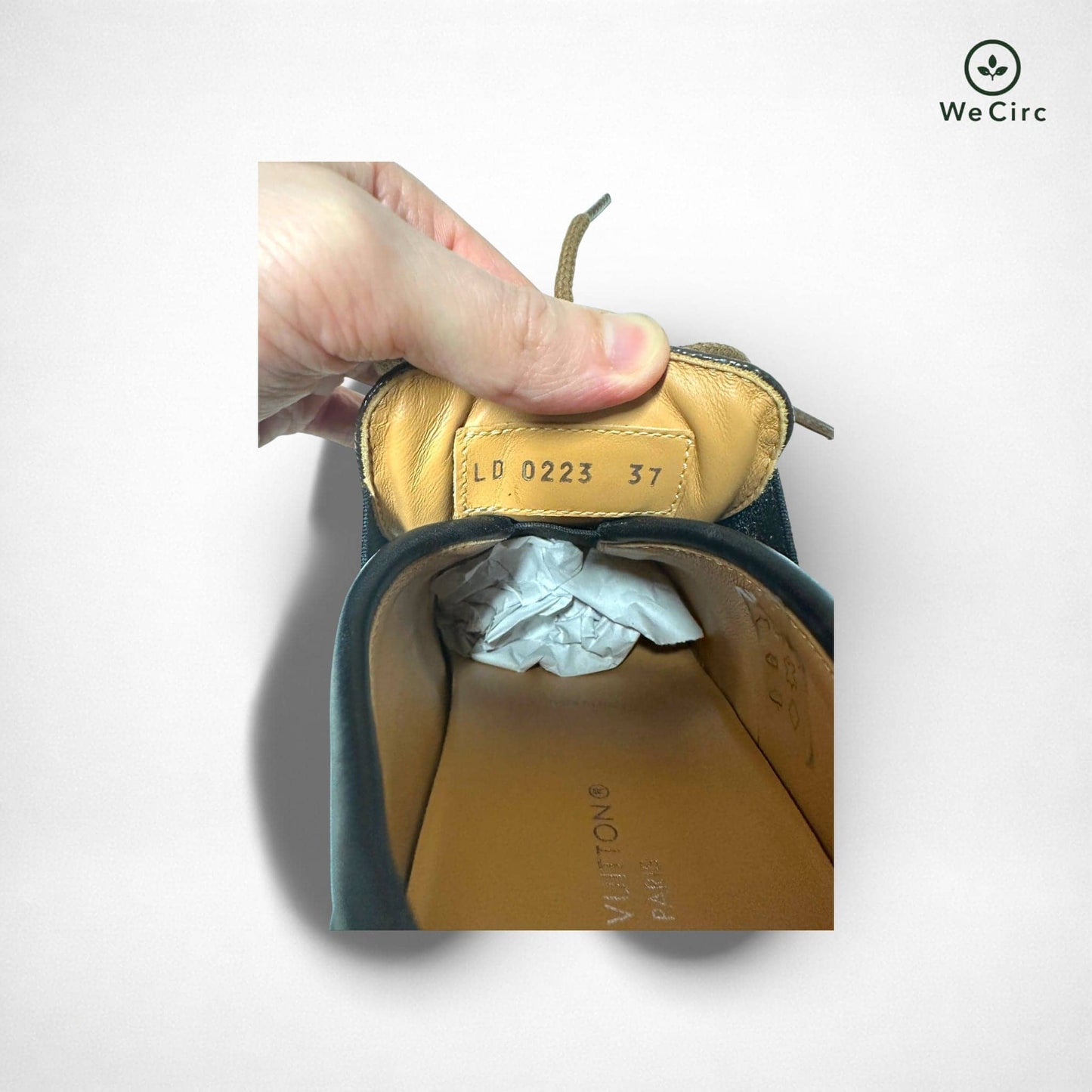 Low Top Lous Sneaker Braun 37 - Detailbild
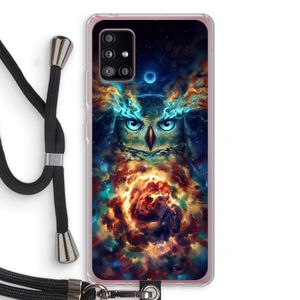 Aurowla: Samsung Galaxy A51 5G Transparant Hoesje met koord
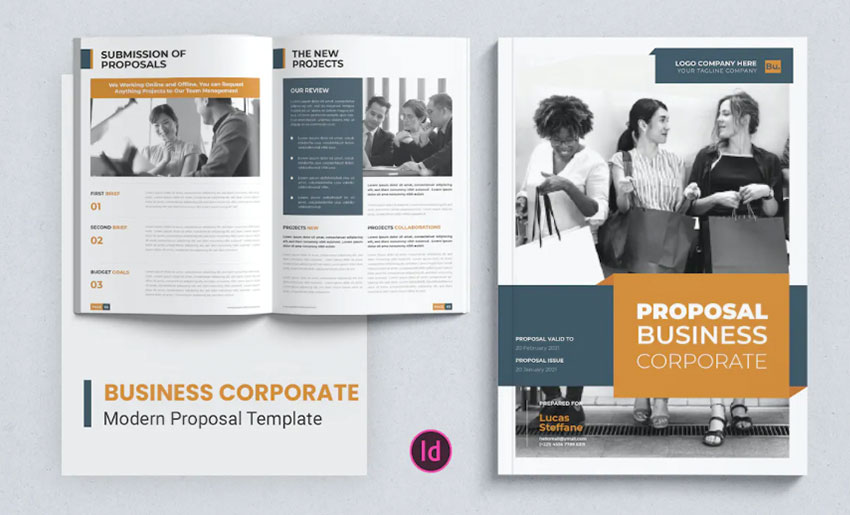 Business corporate proposal template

——————————

◆ **Work instructions**: Could you copy exactly, and with no pictures, the lines above from the one containing "Aurowla: Samsung Galaxy" through the last line, both included?

◆ **Answer below**:
 Aurowla: Samsung Galaxy A51 5G Transparant Hoesje met koord
 Business corporate proposal template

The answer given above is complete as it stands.